START Data below
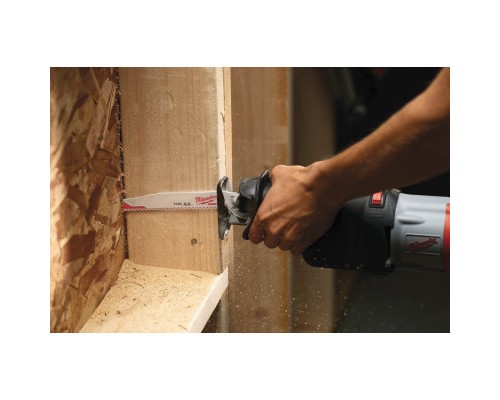 Полотно Milwaukee для шабельної пили, AX FANG TIP 230мм, крок 5,0мм, 5шт, деревина з цвяхами (48005026)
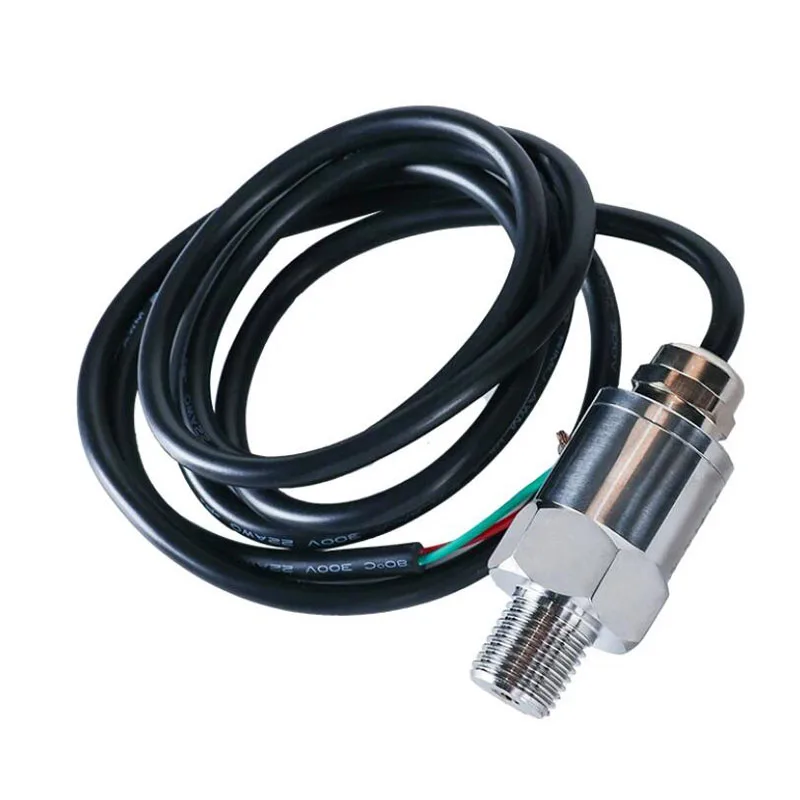 60MPa Pressure Transmitter, 4-20mA Output, High Accuracy Remote Pressure Sensor, Stainless Steel IP65, G1/4 Thread, 1m Cable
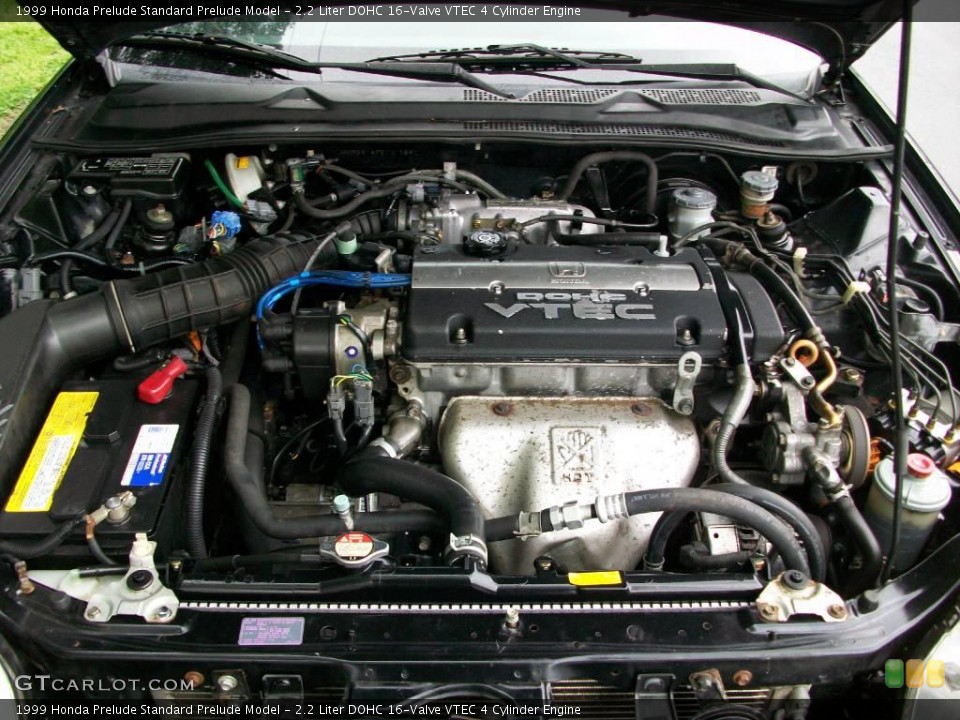 2.2 Liter DOHC 16-Valve VTEC 4 Cylinder Engine for the 1999 Honda Prelude #8739255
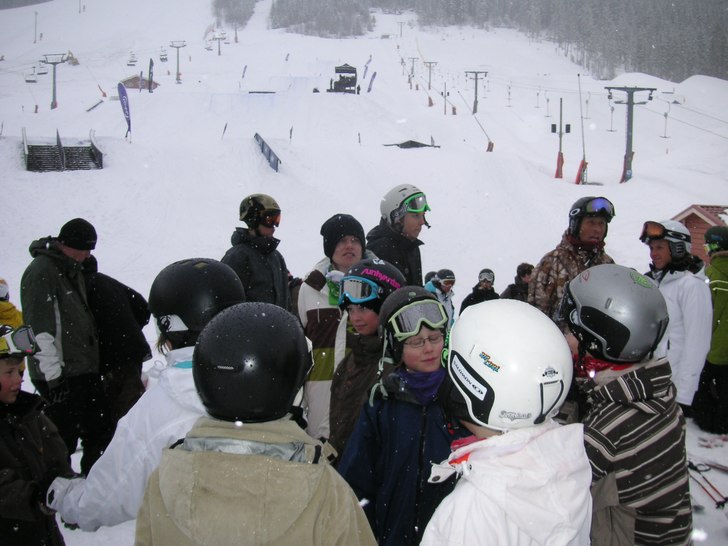 SM i kläppen. Foto: pappa. Åkare: vi.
END Data below
Could you retype every line above exactly as it appears, skipping the pictures?

 Полотно Milwaukee для шабельної пили, AX FANG TIP 230мм, крок 5,0мм, 5шт, деревина з цвяхами (48005026)
 60MPa Pressure Transmitter, 4-20mA Output, High Accuracy Remote Pressure Sensor, Stainless Steel IP65, G1/4 Thread, 1m Cable
 2.2 Liter DOHC 16-Valve VTEC 4 Cylinder Engine for the 1999 Honda Prelude #8739255
 SM i kläppen. Foto: pappa. Åkare: vi.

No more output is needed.